Luczak Group - The Blog

Information for happenings in the Real Estate Market in the Pikes Peak Region... and some things we just find interesting!


Itís Time to Winter-Proof Your Home



Homeowners who neglect routine maintenance heading into the colder months may find themselves faced with an expensive repair bill. For example, forgetting to clean the gutters could cause ice to build up and damage your roof. Windows and doors not properly sealed could cause your heating bills to surge



The New York Times recently highlighted a few maintenance chores for homeowners to do before the weather gets chilly, including:


Examine the exterior. Walk around the house to check for any cracks in the siding or peeling paint. Look up at the roof. Also, after it rains, walk around the house to spot any signs that water isn’t draining away from the house properly or for signs of damaged gutters.

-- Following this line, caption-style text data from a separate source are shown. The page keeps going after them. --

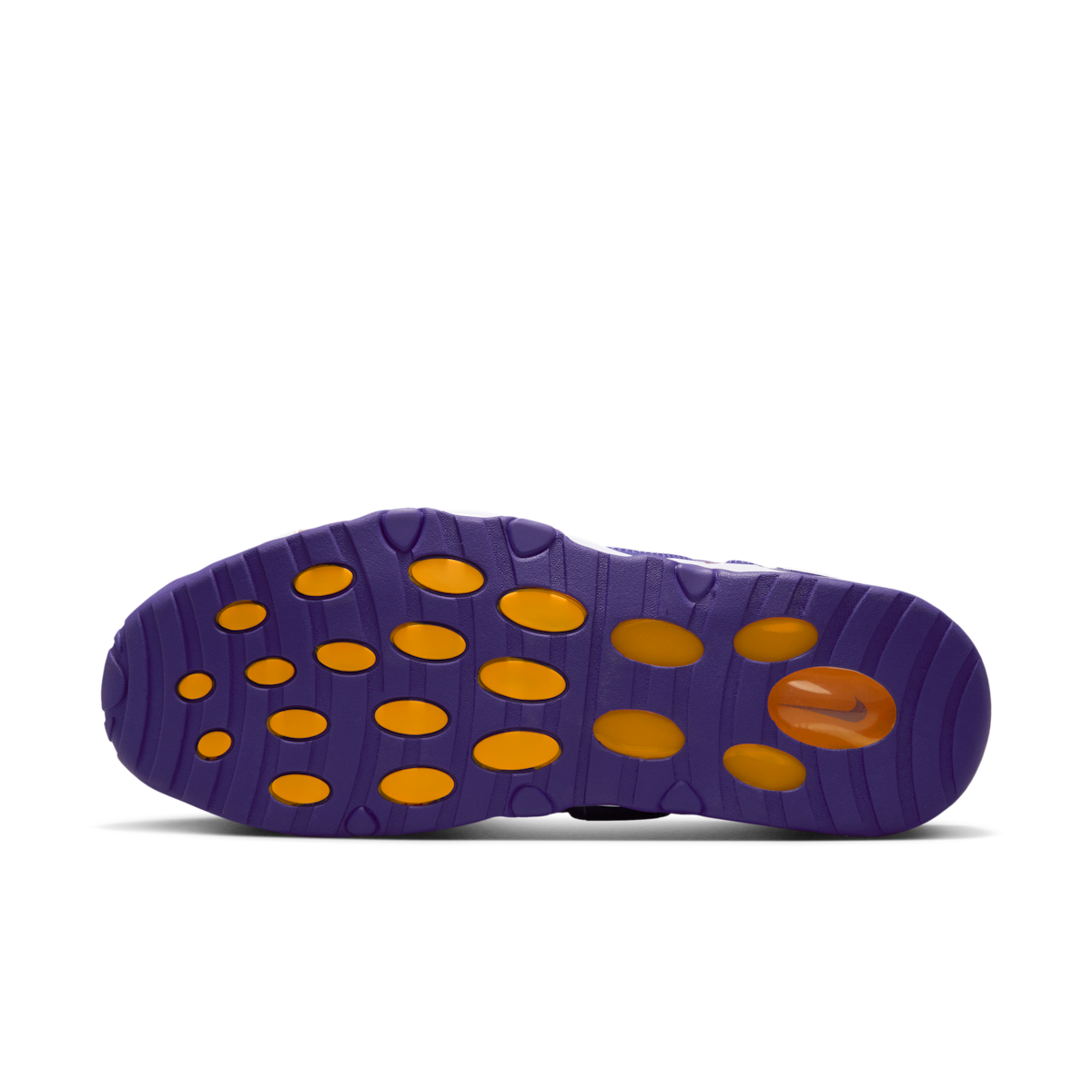 Zapatos de hombre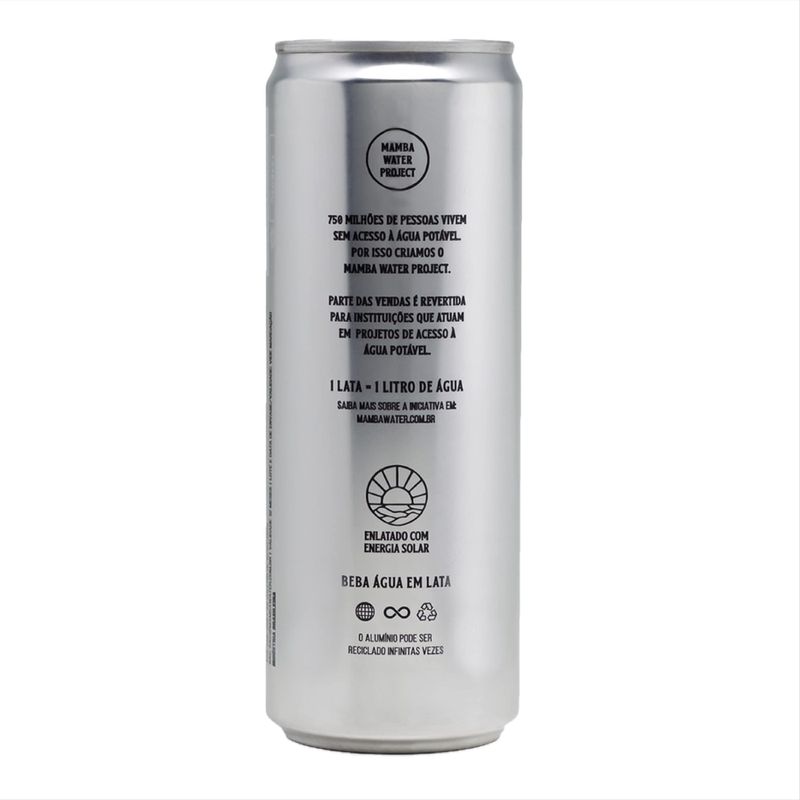 Agua-com-Gas-Mamba-Water-350ml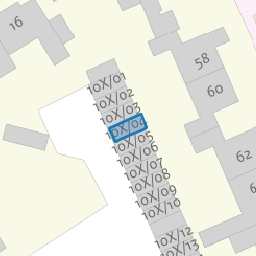 Perceel DTC02-A-4289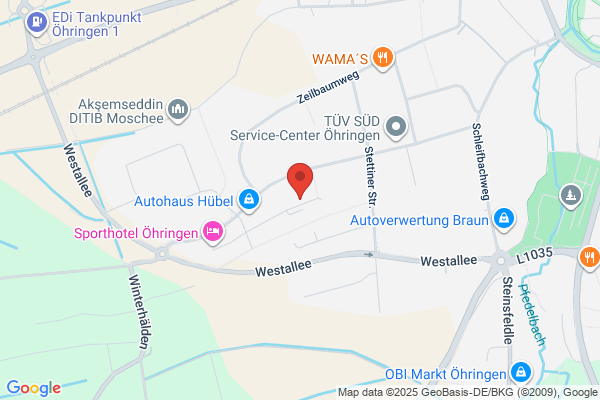 Venturum Outsourcing AB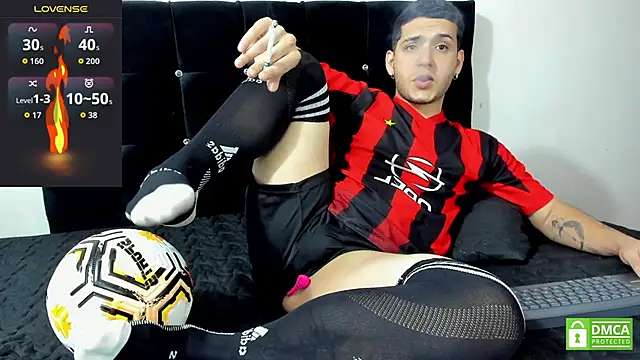 Snapshot of Noha_white chatting on 15, 11, 2025 Noha white online show from 15, 11, 2025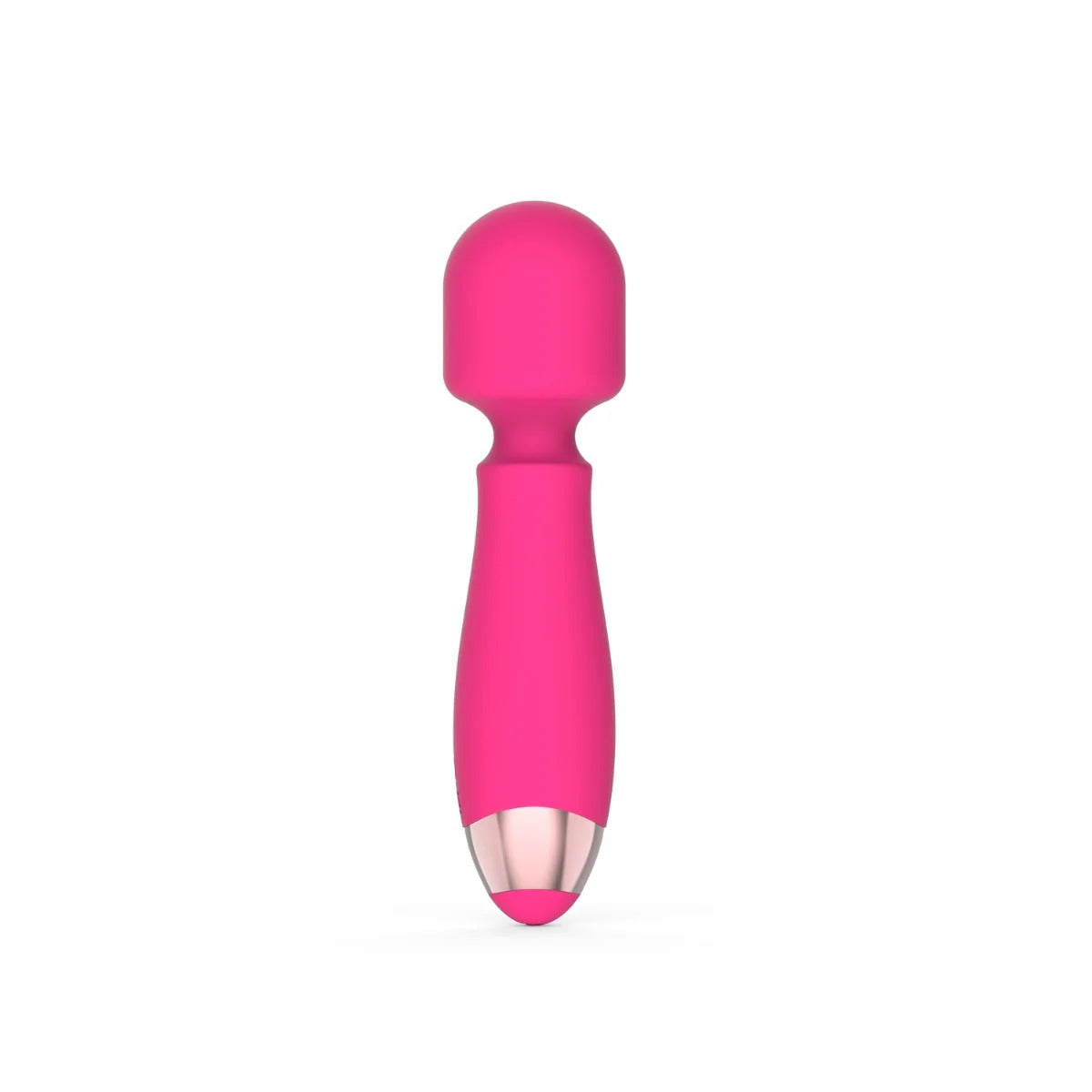 Boutique Séduction - Awakening desire - For her - Boutique Séduction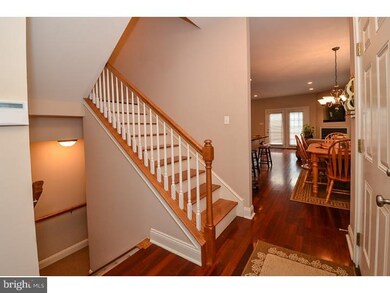 138 Carson St, Philadelphia, PA 19127 - photo 6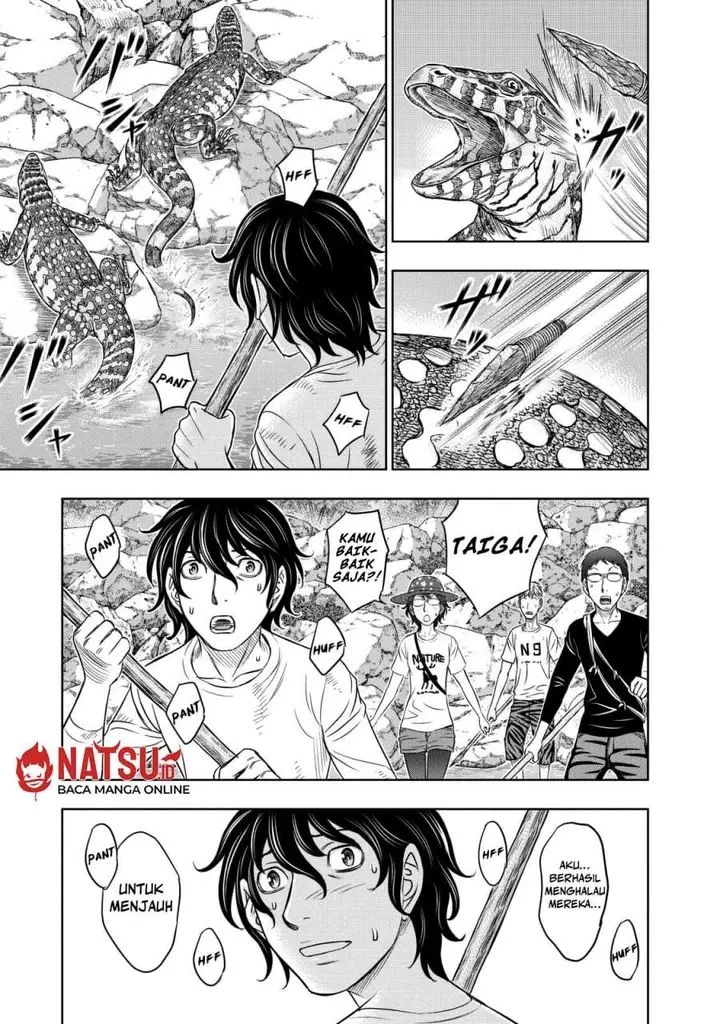 image-komik-sousei-no-taiga-chapter-11-4/20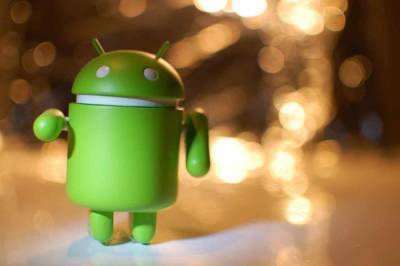 Google планирует упростить обновление OC и приложений в Android 12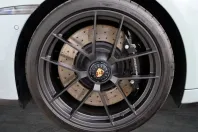 Porsche 992 din 2024 cu 9.500 km - oferta POR174365 - foto 29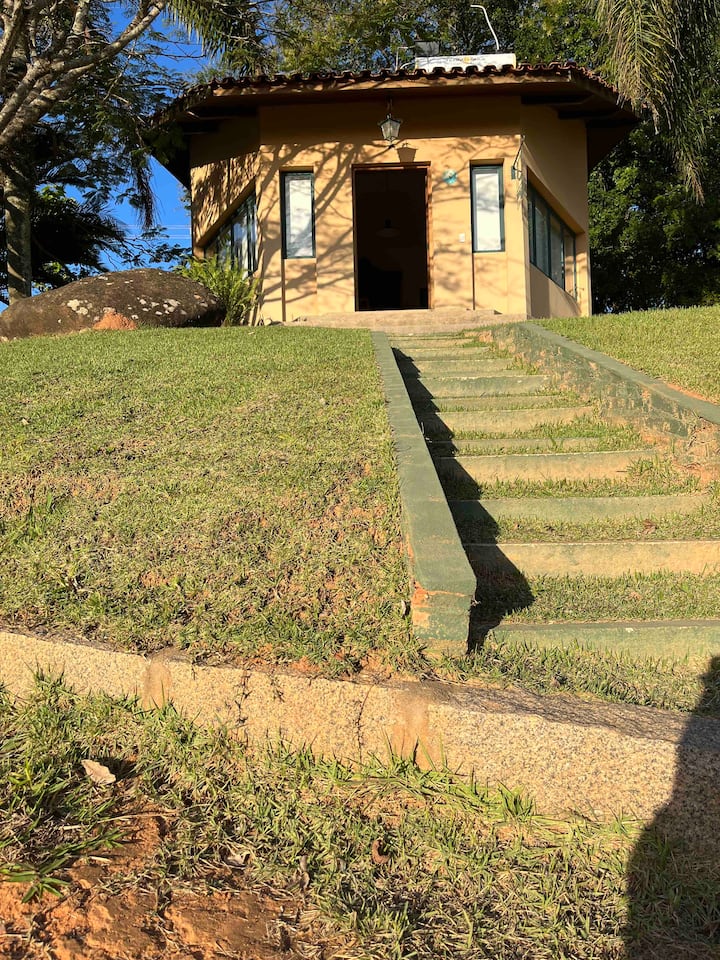 Habitación 5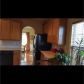 7766 White Oak Loop, Lithonia, GA 30038 ID:13762765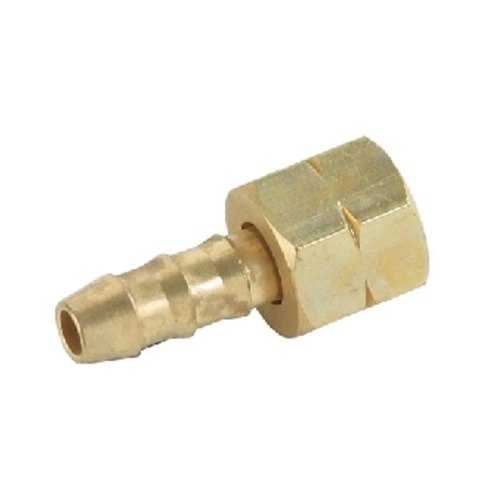 Przejściówka adapter G 3/8L cala na wąż gazowy Przejściówka adapter G 3/8L cala na wąż gazowy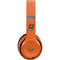 NBA Phoenix Suns Distressed Beats Solo 4 Wireless Headphones Skin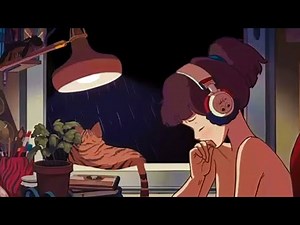 Best Nightcore Gaming Mix 2023 ♫ Best of Nightcore Songs Mix ♫ House, Trap, Bass, Dubstep, DnB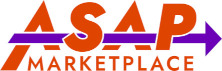 ASAP Marketplace logo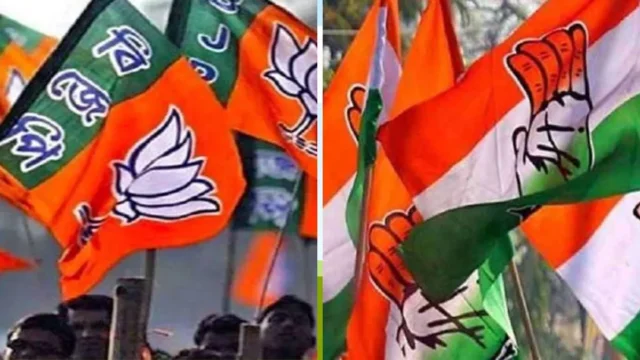 17_08_2023-bjp_vs_congress_23503960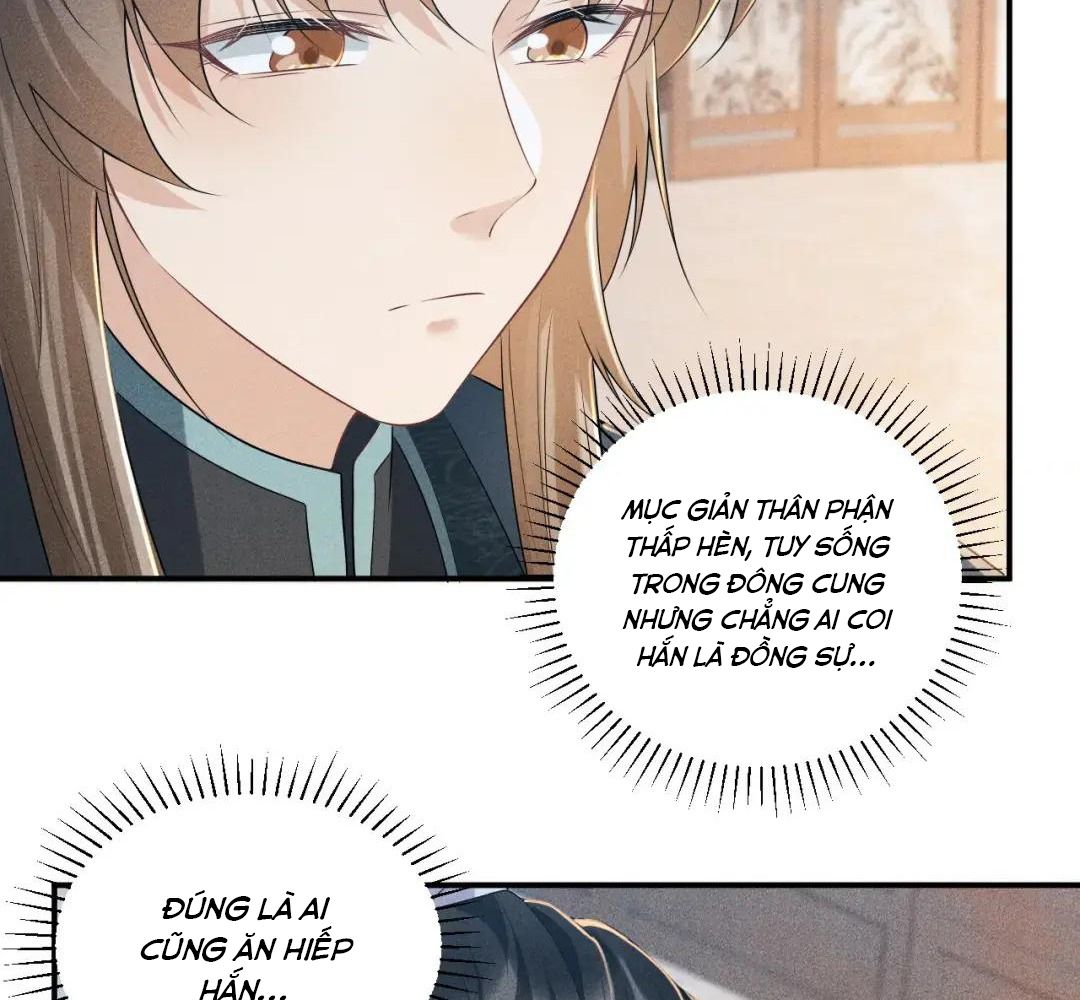 Cạm Bẫy Lệch Lạc Chap 15 - Next Chap 16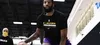 NBA: Andre Drummond tem estreia pelo Lakers com data e hora marcada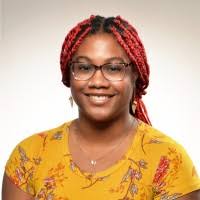 600+ "Kameron" profiles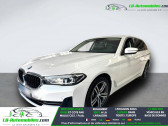 Annonce Bmw 520 occasion Diesel 520d xDrive 190 ch BVA � Beaupuy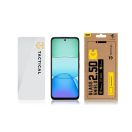 Tactical Glass Shield 2.5D Xiaomi Redmi 13 4G kijelzővédő üvegfólia, átlátszó
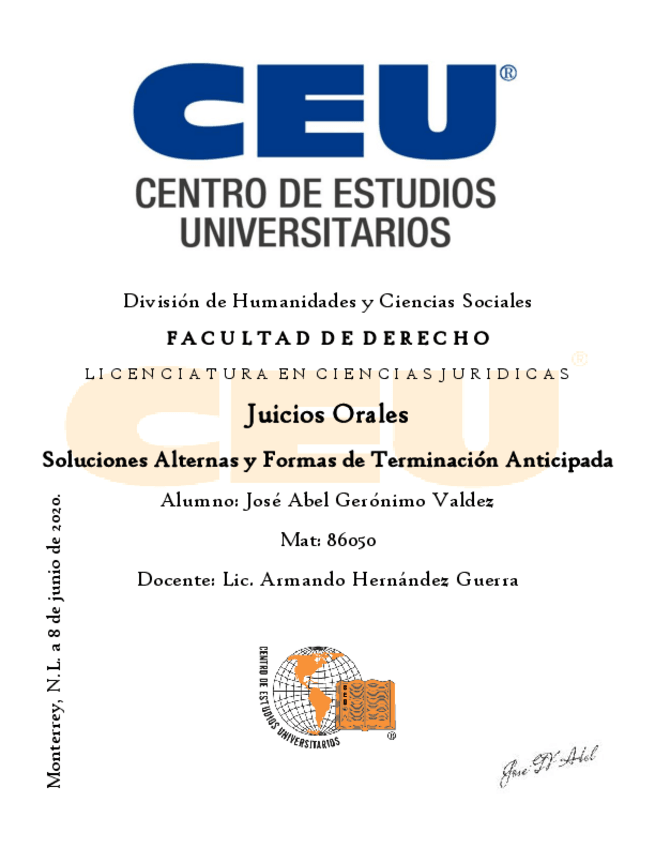 Miniatura del documento Tarea-6.pdf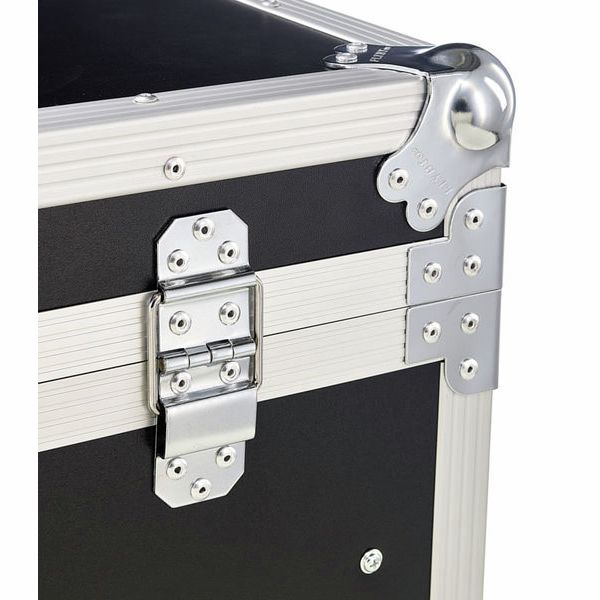 Flyht Pro Case MH-100/110 4in1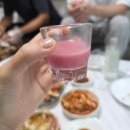 전주전통술박물관 | 전주전통술박물관 방문기 : 전통주 이강주 &amp; 무화과탁주 구매 후기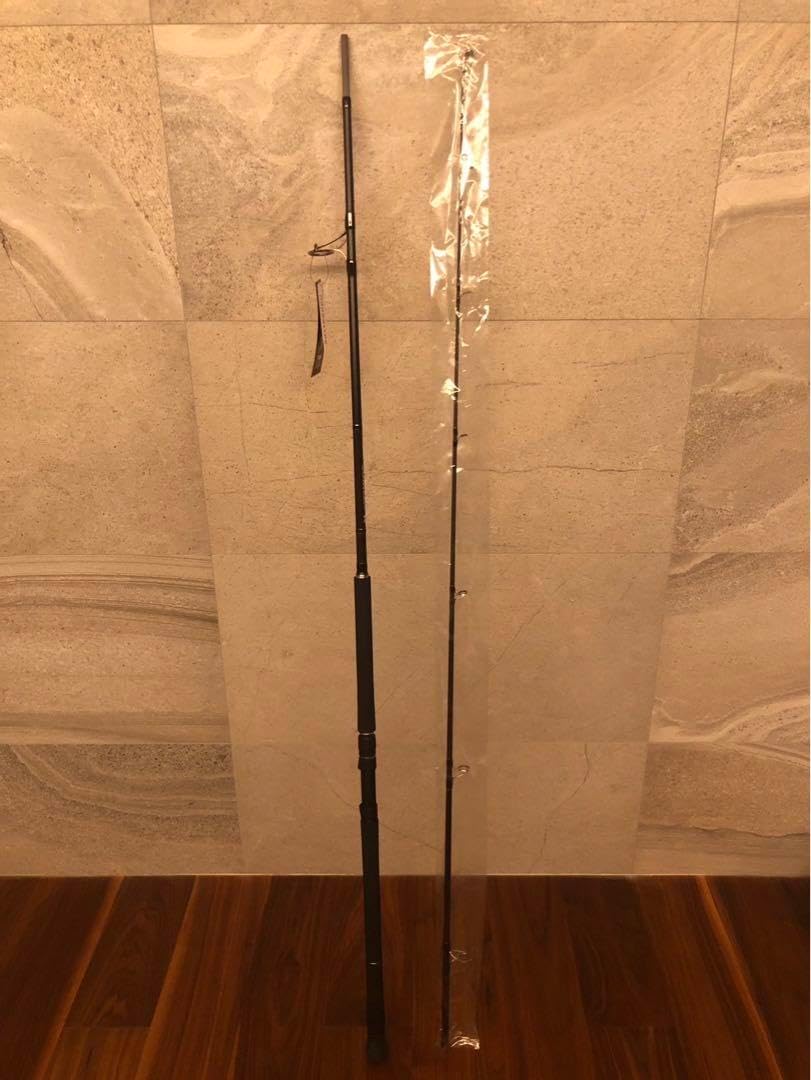 がまかつ がま渓流 マルチ 凜幻 630 硬中硬 63→58→54 がまかつ がま渓流 マルチ 凜幻 630 硬中硬 63→58→54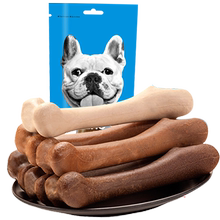亚禾洁齿骨磨牙棒耐咬金毛大型犬1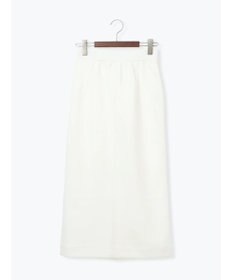 Te chichi ダンボールナロースカート（セットアップ可）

Clean out the gutters. Home maintenance professionals call this chore one of the most important. Gutters direct water away from your siding and roof. A clogged gutter can lead to roof leaks or ice dams in colder weather. Make sure the gutters are cleaned of any leaves and other debris.


Check the windows and doors. Add weather stripping or caulk where cold air is seeping in from around windows or doors. This could make a big difference in utility bills.


Evaluate the heater. Contact a plumber or furnace repair company to prepare the boiler or furnace before the weather turns cold. They’ll clean the equipment and ensure it is working properly.


Check the chimney. A dirty chimney can affect the air quality in a home and even pose a potential fire hazard. The Chimney Safety Institute of America recommends having a chimney inspected annually, cleaning it as needed.


Tend to the pipes. Drain exterior faucets and shut them off before the first freeze. On cold nights, maintenance experts also recommend opening cabinets beneath the sinks to let warm air in and prevent frozen pipes. Also, let a slow drip of water run through them. Pipes must be kept warm.